World Fisheries Day with Experience Ambientalia

On Tuesday, November 11, Eastern Sierra students from two counties participated in the Experience Ambientalia program for World Fisheries Day. In partnership with the Mono Lake Committee, local high school teachers, Beaver’s Sporting Goods, the California Department of Fish and Wildlife, and our colleagues at Laguna Mar Chiquita in northern Argentina, these students took a tour of the Mono Basin extension of the Los Angeles Aqueduct and learned about the importance of fish in our community.

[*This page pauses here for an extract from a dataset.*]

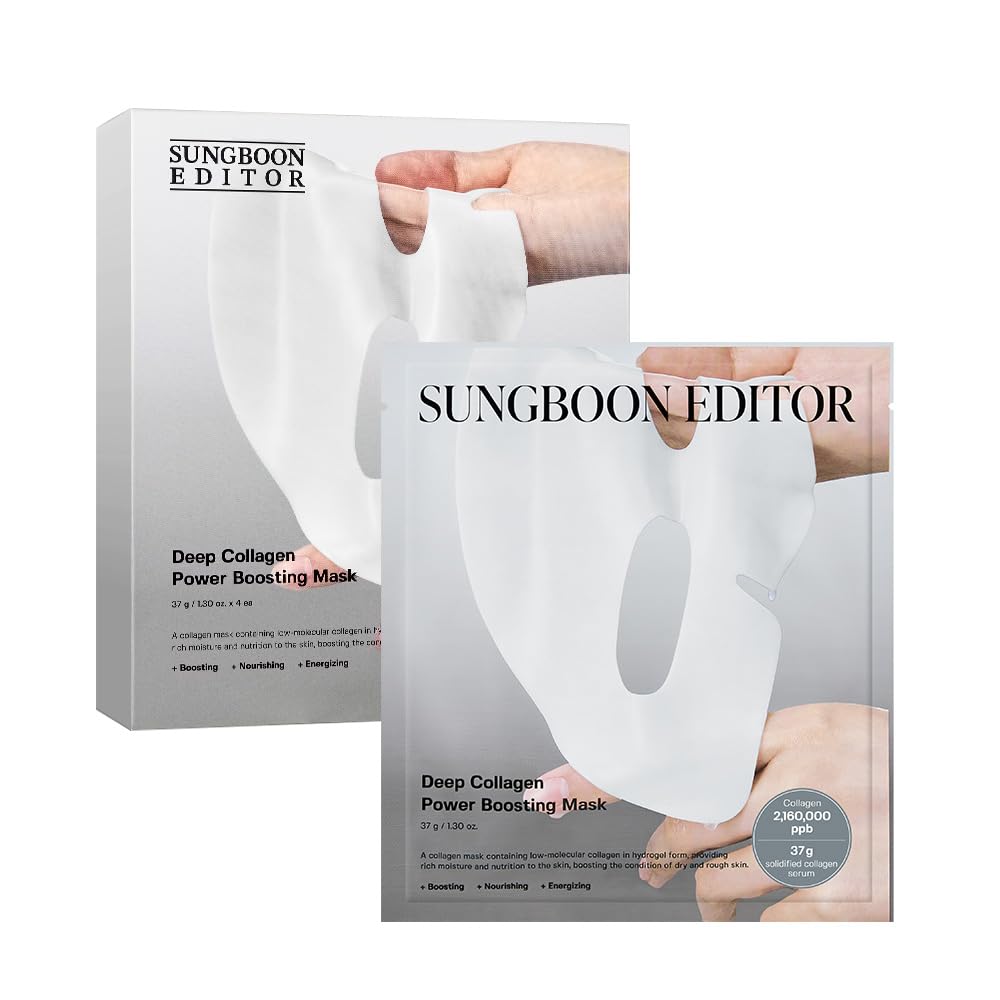 SUNGBOON EDITOR Deep Collagen (1 Mask) Overnight Mask Hydrating Mask for Glass Skin, Wrinkle Care, Firming & Pore Refining 2,160,000PPB Collagen + 9 Peptides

Students learned how water from the Mono Basin since 1941 has been diverted and sent more than 330 miles south to Los Angeles and how the Los Angeles Department of Water & Power (DWP) must manage the water to balance ecological needs in the Mono Basin instead of exclusively delivering water to the city—a situation that is currently out of balance as Mono Lake remains nearly ten feet below its mandated healthy level. A key focus of the tour was how the presence of fish below DWP’s dams in the 1980s helped catalyze efforts to save and restore Mono Lake and its tributary streams.

Eastern Sierra students picked up trash near the Lee Vining Creek diversion dam as one of their activities for World Fisheries Day. Photo courtesy of Sarah Taylor.

After the educational introduction to the day, Brad Beaver of Beaver’s Sporting Goods and Aaron Sturtevant of the California Department of Fish and Wildlife shared the work that goes into supporting the fisheries of the Mono Basin. They explained the fish-stocking process in local streams and emphasized the economic importance of fishing for communities across Mono County. They also reviewed recreational fishing rules and regulations and shared best practices to help students support their local fisheries. Finally, Brad, Aaron, and the adult chaperones taught each student how to fish at Ellery Lake.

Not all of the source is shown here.